The invention refers to a variable displacement screw-type compressor.
In installations using a compressed medium as the pressure gas, it is often necessary to regulate the pressure prevailing in the installation. This is either done by bleeding a certain amount of pressure from the installation or returning it via the bypass, or by changing the feed rate of the pressure gas.
If the compressor used in such an installation is a screw-type compressor, the feed rate may be adjusted by changing the number of rotations of the screw-type compressor. However, this adjustment has its limit where too small numbers of rotation of the screw-type compressor cause the efficiency of the screw-type compressor to fall below an acceptable value.
Since the bleeding and the bypassing of the pressure gas cause unacceptable energy consumption, anyway, and, on the other hand, a broad adjustment range is imperative, screw-type compressors have been developed, in which the feed rate provided by the screw-type compressor can be adjusted by the compression ratio of the screw-type compressor.
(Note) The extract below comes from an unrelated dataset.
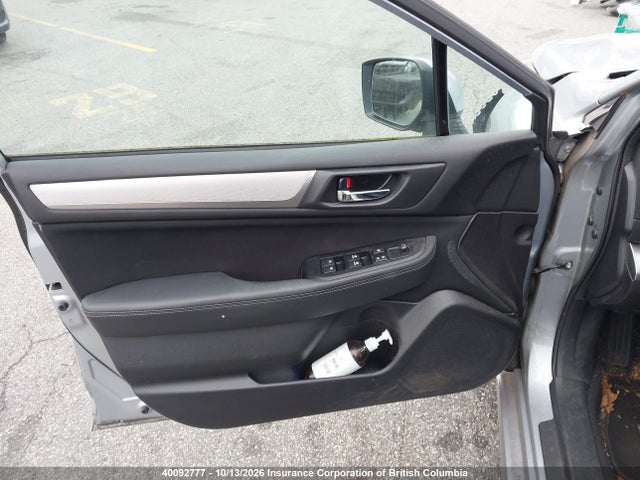 Subaru Legacy 2.5i Premium 2016 4S3BNCG68G3042706 Image 22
DE-05 25 26 175 shows a screw-type compressor with a variable volumetric capacity, wherein two meshing rotors are arranged in a housing. In this screw-type compressor, a return flow channel extends in parallel to the rotor axes of the screw-type compressor, which channel may be communicated with the interior of the housing through closable openings. In the open state, the openings spaced in the axial direction of the rotors allow for a return flow of the medium to be compressed through the return flow channel to the intake side of the screw-type compressor. Thereby, the compression of the medium flown in between the screws and the inner wall of the housing starts sooner or later, depending on the opening state of the openings so that the feed rate provided by this screw-type compressor is variable. However, the openings, the ends of which at the overflow channel side may be closed by means of a control piston, are also open towards the interior of the housing when in their closed state, whereby they form overflow pockets that cause a return flow of the medium to be compressed even at a delivery volume of 100%. Therefore, the screw-type compressor has a poor efficiency.
DE-PS 35 16 636 on which the precharacterizing part of claim 1 is based, discloses another variable displacement screw-type compressor. In the same, a primary and a secondary rotor are provided in a housing. In this screw-type compressor, the medium to be compressed is conveyed from an inlet channel to an outlet channel, the inlet channel having two housing segments displaceable along the rotor axes. The housing segments each extend in the housing over the entire rotor length and are floatingly supported at one end. The pressures occurring transversely to the longitudinal extension of the housing segments and being received through guiding paths, however, cause bending loads on the housing segments. In operation, displacing the housing segments towards the outlet channel causes a channel wall defining the inlet channel to be displaced such that the inlet channel is prolonged and the compression starts later. Due to the later start of the compression, the compression ratio, and thereby the feed rate of the screw-type compressor, is modified.
To make even small changes in the displaced volume, it is necessary to displace the respective entire housing segment extending over the full rotor length. The unilaterally floating support of the housing segments necessary therefor, however, has the disadvantage of a high production effort. Further, the control segments that extend through the pressure side of the screw-type compressor are induced to vibrate by the high pulsating pressures prevailing at the pressure side of the screw-type compressor, the vibrations causing the guiding paths to become unsteady. Finally, it is another disadvantage that the housing segments cause a great structural length of the screw-type compressor and impose a limit to the freedom of structural design on the pressure side of the screw-type compressor.